Find the line containing "Politiets teknikere kiggede", then print it and each following line through the end of the records, exactly and with nothing added; leave out any pictures.

************

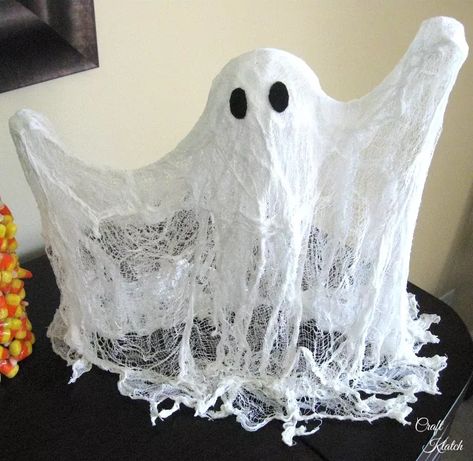 Cheese Cloth Ghost Craft Tutorial [Video] | Hometalk Cheese Cloth Ghost, Cloth Ghost, Ghost Tutorial, Ghost Craft, Cheesecloth Ghost, Office Halloween Decorations, Halloween Office, Ghost Crafts, Ghost Diy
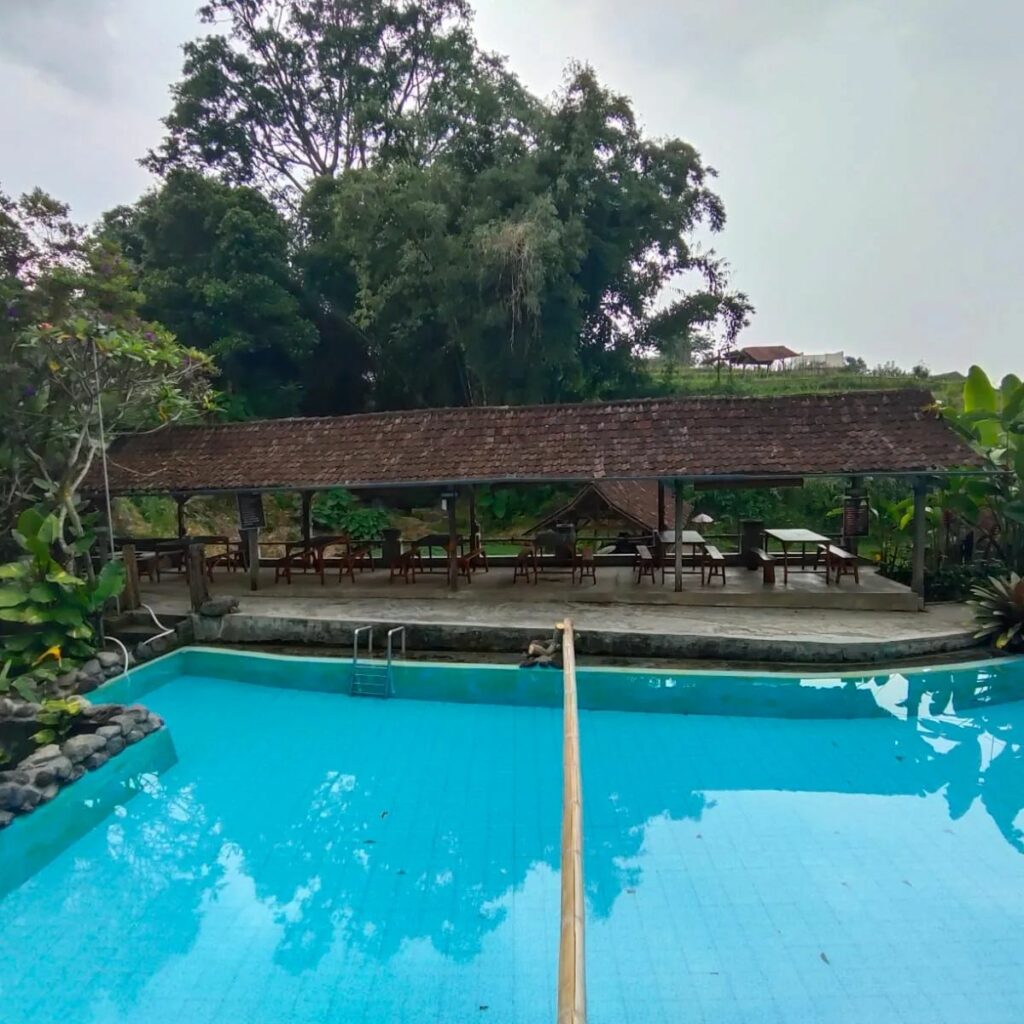 kolam renang via @tamandolanbatu
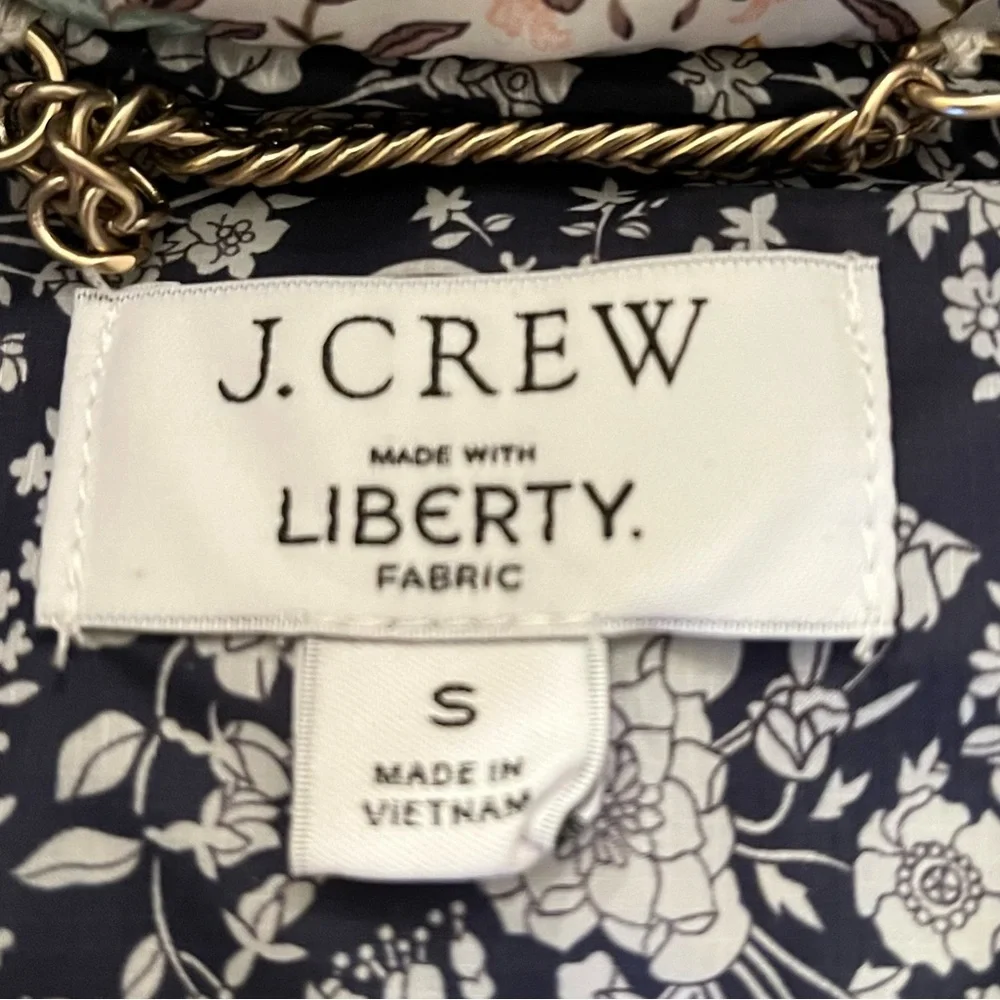 J. Crew Puffer Vest in Liberty Tapestry Floral with Primaloft  S - Picture 9 of 11
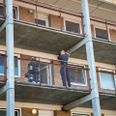 Politiets teknikere kiggede nærmere på en lejlighed i Alsgade. Foto: Presse-fotos.dk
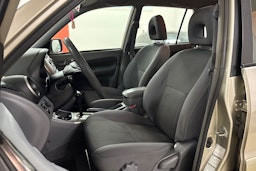 ruskea (beige) Toyota RAV4 2002 kuva 19.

************

* Task response *
 Politiets teknikere kiggede nærmere på en lejlighed i Alsgade. Foto: Presse-fotos.dk
 ruskea (beige) Toyota RAV4 2002 kuva 19.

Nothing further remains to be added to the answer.